In the data flows we will be able to use a series of standard transformations without the need of programming knowledge and in a graphic way, but we also have the possibility of creating transformations based on scripts.

And what is the difference between Data Views and Data Flows? mainly that the first ones are oriented to create views that transform the data at the moment they are read without having persistence (although this will change in the future) obtaining a single output structure, while the second ones transform and persist the changes in one or multiple structures.

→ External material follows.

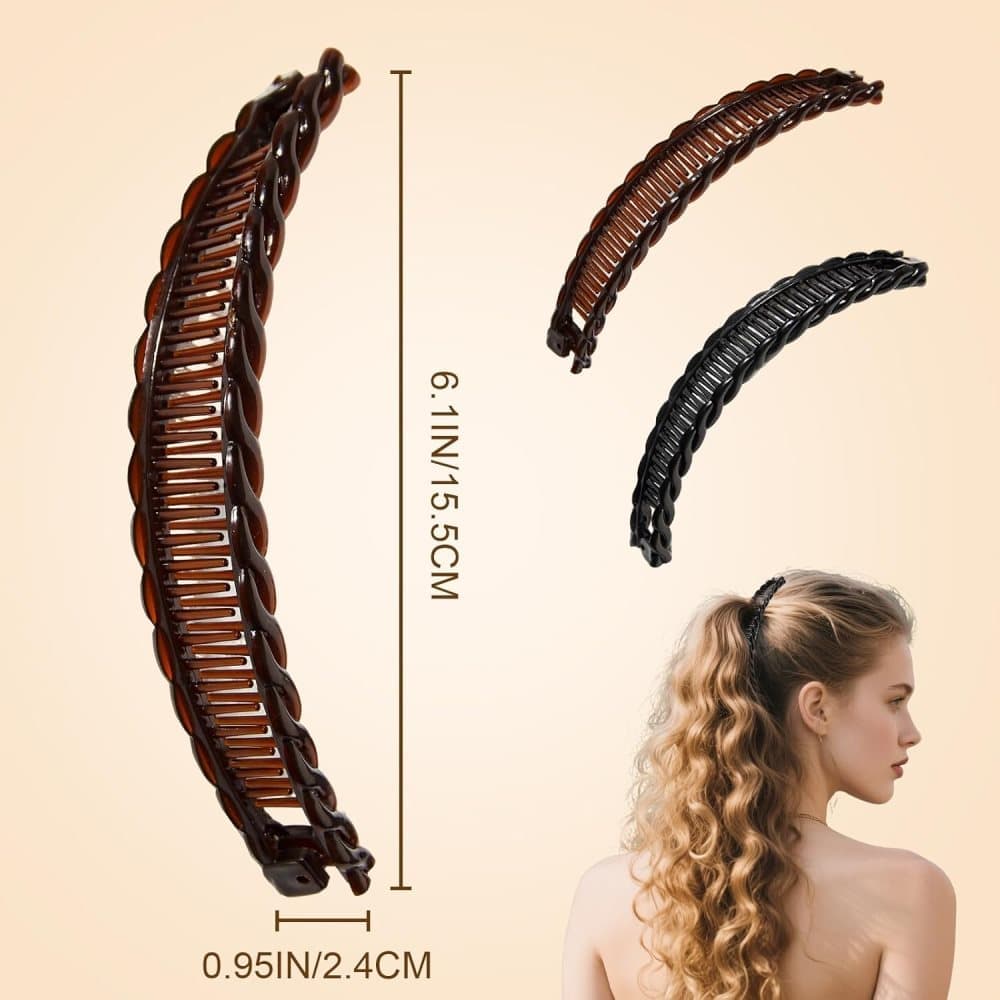 2 pcs Banana Hair Clips, French Fishtail Hair Accessories Combs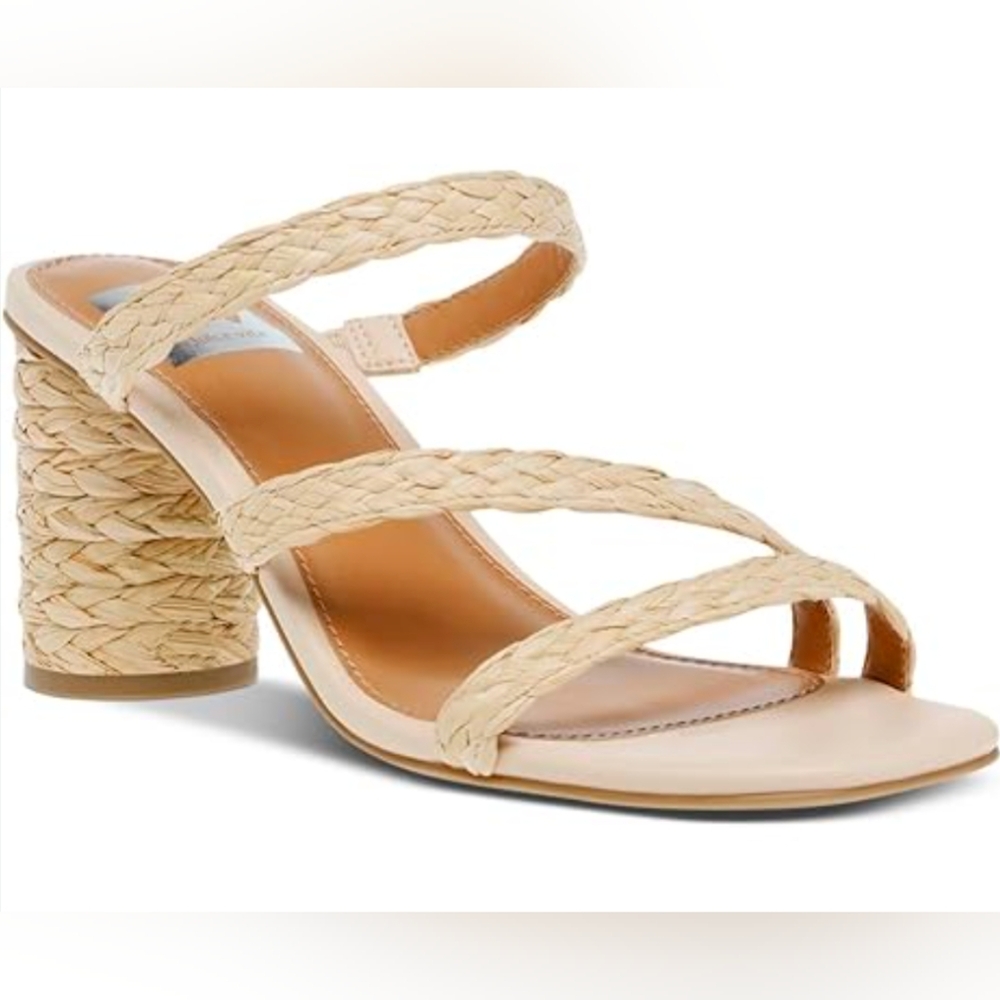 Dolce Vita Braided Raffia Slip On Cream Sandals Size 8.5 Women's Shoe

In a Data Flow we will use views or tables that we may already have in our DWC or use the connections to get data from other systems, in that case we should first create all the necessary connections in our space.

Create%20connection

Create connection

 

Creating Data Flows

In Data Builder, where we create the tables, views and E/Rs, we can now find a new “Data Flow” object, which has its own Data Flow Builder editor.

Create%20Data%20Flow

Create Data Flow

 

Here we will have access to the different tables and views of DWC or data sources that we have connected in our space. We will be able to add these sources or destinations to the Data Flow with drag and drop.

Sample%20Data%20Flow

Sample Data Flow

 

To these origins we will connect with standard transformations like:

  • Join
  • Union
  • Projection
  • Aggregation

With projections you can choose which fields to move to the next step, apply filters and create calculated fields with the help of 84 functions grouped in the categories of conversion, date, mathematics, etc.

Expressions

Expressions

 

Script Transformation

This transformation allows the use of a scripting language to perform the required custom transformations. The first supported language is Python3 (more will be supported in the future) and allows the use of the famous Pandas and NumPy libraries, which will make it easier for us to apply some techniques of the data scientists to our data flows. Although we can’t use all of Python, for example we can’t import other libraries or perform I/O actions such as saving to file or to a DB, or use an http connection to download or send data.

 

Script%20Transformation

Script Transformation

 

Basically the data that enters into the transformation is a dataframe to which we can apply all the transformation possibilities that Pyhton3 (currently 3.6) and Pandas gives us, such as pivoting data, stacks, cross tabulations, etc.

 

Pandas%20Pivot%20and%20Stack

Pandas Pivot

Pandas%20Stack

Pandas Stack

 

An existing table has to be indicated as the destination of the transformations, so unlike SAP Data Services or HANA SDI, Data Flow in the beta does not have the option of creating the tables directly from the data flow, although they can be created manually in the Data Builder.

 

Target%20Table

Target Table

 

Later in the Data Flow you can add the table, select it as target and configure the data insertion mode (APPEND or TRUNCATE)

Append

Append

 

With that, the Data Flow has origins, transformations and destiny, so it can be executed.

 

Running Data Flows

When a Data Flow is executed, its status can be monitored in the Data Flow Monitor, within the Data Integrator Monitor.

 

Data%20Flow%20Monitor

Data Flow Monitor

 

It is possible to see the history of the executions, as well as more information if an error occurs.

 

Monitor%20Errors

Monitor Errors

 

In the beta it is not yet possible to program the Data Flows to be executed on a delayed basis, but this option will be available when the product is in GA.

 

Conclusions

The tested version is the Beta, and although it may change things in the final version it gives us an idea of how things will work, the look and the components we will be able to find.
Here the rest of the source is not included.